Each entry in the dictionary corresponds to a different model. For example, 'svm' represents Support Vector Machine, 'random_forest' represents Random Forest, and so on. For each model, model object and a dictionary of hyperparameters along with their possible values for grid search is provided.

In [19]:
scores = []
for model_name, mp in model_params.items():
    clf =  GridSearchCV(mp['model'], mp['params'], cv=5, return_train_score=False)
    clf.fit(X_train,y_train)
    scores.append({
        'model': model_name,
        'best_score': clf.best_score_,
        'best_params': clf.best_params_
    })
score_df = pd.DataFrame(scores,columns=['model','best_score','best_params'])
score_df

Unnamed: 0,model,best_score,best_params
0,svm,0.958333,"{'C': 1, 'kernel': 'linear'}"
1,random_forest,0.958333,{'n_estimators': 10}
2,logistic_regression,0.958333,{'C': 10}
3,naive_bayes_gaussian,0.941667,{}
4,decision_tree,0.95,{'criterion': 'gini'}
5,knn,0.958333,{'n_neighbors': 3}


The above loop iterates through each model defined in model_params. For each model, it does the following:

- Extracts the model object and its associated hyperparameters from the 'model_params' dictionary above.
- Creates a GridSearchCV object named 'clf' using the model and hyperparameters. The cv=5 parameter specifies 5-fold cross-validation.
- Fits the clf grid search object using the training data.
- Appends a dictionary to the scores list containing the model name, the best score obtained from grid search (clf.best_score_), and the best hyperparameters (clf.best_params_).
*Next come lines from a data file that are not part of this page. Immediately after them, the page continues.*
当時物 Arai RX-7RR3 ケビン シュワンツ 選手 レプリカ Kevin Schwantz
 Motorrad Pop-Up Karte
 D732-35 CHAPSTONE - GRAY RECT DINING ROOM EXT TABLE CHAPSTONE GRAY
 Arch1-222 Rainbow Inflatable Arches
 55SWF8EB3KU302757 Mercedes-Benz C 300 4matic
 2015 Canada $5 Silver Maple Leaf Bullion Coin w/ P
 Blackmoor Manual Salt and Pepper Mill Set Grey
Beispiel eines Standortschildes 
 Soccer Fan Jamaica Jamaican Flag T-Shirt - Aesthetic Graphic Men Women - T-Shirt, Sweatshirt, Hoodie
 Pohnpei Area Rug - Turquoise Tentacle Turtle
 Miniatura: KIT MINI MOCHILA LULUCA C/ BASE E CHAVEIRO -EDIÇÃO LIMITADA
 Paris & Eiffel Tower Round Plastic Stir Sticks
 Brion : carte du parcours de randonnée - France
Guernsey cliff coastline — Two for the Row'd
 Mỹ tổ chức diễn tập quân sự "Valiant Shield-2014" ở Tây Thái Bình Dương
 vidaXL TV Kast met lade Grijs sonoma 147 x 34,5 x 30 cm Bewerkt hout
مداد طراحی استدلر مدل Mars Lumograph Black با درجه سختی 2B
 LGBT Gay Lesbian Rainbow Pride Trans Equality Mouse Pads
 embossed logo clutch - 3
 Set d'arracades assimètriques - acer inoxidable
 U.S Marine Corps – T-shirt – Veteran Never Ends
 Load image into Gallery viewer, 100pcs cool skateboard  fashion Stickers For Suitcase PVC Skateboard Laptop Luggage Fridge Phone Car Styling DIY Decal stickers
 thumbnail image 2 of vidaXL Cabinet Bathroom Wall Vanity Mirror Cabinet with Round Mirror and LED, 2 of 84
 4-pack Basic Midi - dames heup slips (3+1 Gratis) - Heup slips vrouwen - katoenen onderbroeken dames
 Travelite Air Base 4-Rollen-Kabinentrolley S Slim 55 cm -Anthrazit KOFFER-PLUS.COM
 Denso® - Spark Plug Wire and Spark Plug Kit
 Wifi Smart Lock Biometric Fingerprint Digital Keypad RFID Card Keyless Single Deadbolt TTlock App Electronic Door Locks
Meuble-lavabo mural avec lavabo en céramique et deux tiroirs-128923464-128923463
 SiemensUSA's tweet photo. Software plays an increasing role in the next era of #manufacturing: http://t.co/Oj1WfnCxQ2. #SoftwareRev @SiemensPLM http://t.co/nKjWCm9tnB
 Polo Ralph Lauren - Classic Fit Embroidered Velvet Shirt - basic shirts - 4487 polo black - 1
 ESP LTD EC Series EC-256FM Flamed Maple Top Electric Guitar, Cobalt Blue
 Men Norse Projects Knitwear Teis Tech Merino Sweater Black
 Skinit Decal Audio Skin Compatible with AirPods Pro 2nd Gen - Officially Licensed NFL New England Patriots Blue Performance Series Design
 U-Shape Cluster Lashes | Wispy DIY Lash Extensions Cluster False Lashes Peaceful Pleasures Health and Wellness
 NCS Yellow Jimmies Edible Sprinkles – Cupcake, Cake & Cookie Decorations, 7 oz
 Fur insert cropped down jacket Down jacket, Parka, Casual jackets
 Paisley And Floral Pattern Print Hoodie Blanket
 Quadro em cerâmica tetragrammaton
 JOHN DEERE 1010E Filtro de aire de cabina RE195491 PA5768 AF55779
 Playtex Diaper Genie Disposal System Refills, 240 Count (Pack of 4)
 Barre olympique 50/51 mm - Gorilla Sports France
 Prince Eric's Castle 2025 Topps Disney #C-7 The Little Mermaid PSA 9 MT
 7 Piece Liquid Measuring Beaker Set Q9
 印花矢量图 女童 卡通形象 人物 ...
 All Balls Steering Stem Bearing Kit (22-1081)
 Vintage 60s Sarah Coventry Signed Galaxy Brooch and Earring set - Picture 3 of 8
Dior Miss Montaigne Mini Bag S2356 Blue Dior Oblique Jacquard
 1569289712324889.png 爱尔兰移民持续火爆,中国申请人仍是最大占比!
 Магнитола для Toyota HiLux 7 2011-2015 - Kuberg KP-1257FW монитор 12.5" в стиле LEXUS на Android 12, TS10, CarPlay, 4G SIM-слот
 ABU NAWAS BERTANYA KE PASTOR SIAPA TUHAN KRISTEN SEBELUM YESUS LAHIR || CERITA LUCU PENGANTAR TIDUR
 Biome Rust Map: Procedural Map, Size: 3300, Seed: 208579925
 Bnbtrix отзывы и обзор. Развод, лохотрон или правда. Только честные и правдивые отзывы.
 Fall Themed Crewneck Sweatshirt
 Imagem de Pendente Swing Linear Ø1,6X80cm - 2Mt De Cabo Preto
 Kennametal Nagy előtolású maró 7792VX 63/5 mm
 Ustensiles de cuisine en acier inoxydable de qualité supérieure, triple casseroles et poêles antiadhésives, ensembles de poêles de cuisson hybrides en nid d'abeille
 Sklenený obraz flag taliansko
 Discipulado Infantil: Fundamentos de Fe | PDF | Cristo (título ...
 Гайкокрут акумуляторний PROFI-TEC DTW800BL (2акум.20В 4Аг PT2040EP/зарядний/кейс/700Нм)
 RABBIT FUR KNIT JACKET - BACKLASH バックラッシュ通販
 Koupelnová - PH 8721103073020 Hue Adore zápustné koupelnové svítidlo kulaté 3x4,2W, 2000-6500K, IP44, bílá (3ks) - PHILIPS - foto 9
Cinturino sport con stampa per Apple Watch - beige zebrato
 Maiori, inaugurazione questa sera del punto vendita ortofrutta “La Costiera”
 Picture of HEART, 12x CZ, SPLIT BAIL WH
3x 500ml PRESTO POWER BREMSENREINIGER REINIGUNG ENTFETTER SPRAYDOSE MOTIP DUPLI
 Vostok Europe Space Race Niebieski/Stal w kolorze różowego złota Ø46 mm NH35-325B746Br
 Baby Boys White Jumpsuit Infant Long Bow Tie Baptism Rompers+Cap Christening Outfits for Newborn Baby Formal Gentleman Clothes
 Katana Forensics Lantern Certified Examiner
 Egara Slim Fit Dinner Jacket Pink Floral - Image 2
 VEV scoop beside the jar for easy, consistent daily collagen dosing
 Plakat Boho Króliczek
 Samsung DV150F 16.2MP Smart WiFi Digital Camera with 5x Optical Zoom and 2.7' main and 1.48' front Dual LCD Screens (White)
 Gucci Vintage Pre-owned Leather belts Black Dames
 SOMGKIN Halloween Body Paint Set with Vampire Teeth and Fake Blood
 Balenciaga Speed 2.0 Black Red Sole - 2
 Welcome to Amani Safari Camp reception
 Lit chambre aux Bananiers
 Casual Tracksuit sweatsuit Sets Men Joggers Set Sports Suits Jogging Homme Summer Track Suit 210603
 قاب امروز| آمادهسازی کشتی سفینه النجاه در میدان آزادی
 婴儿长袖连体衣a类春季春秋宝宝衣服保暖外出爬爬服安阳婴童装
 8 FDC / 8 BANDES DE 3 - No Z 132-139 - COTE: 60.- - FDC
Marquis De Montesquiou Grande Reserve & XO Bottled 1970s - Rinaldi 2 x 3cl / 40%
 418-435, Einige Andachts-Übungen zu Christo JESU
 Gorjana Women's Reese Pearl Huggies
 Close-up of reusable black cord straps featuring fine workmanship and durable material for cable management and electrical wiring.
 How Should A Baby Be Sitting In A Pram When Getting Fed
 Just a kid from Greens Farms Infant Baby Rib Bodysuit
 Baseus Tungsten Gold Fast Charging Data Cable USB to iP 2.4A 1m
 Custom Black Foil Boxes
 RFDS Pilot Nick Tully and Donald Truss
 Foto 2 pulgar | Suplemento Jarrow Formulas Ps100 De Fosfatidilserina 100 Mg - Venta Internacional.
##### Based on the training data provided 'SVM', 'Random Forest','Logistic Regression' and 'KNN' models are slightly more accurate (approximately 96%) than 'Naive Bayes' and 'Decision Tree'(approx 94%). 

##### Predictions using Logistic Regression

In [20]:
# choosing logistic regression model with best parameters as above to make predictions
logreg_model = LogisticRegression(solver='liblinear', multi_class='auto', C=10)
logreg_model.fit(X_train,y_train)

In [21]:
y_pred=logreg_model.predict(X_test)
y_pred

array([1, 0, 2, 1, 1, 0, 1, 2, 1, 1, 2, 0, 0, 0, 0, 1, 2, 1, 1, 2, 0, 2,
       0, 2, 2, 2, 2, 2, 0, 0])

#### Sample prediction

In [51]:
#choosing a sample
print("The feature values are :\n",X_test.loc[104])
print ("The flower category (target) is:",df['flower'].iloc[104])

The feature values are :
 sepal length (cm)    6.5
sepal width (cm)     3.0
petal length (cm)    5.8
petal width (cm)     2.2
Name: 104, dtype: float64
The flower category (target) is: virginica


Above are the features and target value at index position 104. Using this sample features to verify model prediction.

In [49]:
# Extracting the sample row from X_test
sample_X = X_test.loc[104,:]  

# Reshape the sample_X as a 2D array, since the model expects a 2D input
sample_X_reshaped = sample_X.values.reshape(1, -1)

# Predict the target variable for the sample using the fitted model
y_sample_pred = logreg_model.predict(sample_X_reshaped)

print("Predicted y:", y_sample_pred)

Predicted y: [2]




In [50]:
flower_category = iris.target_names[y_sample_pred]
flower_category

array(['virginica'], dtype='<U10')

Predicted y value is '2' represents 'virginica',which implies predicted and actual target values are the same.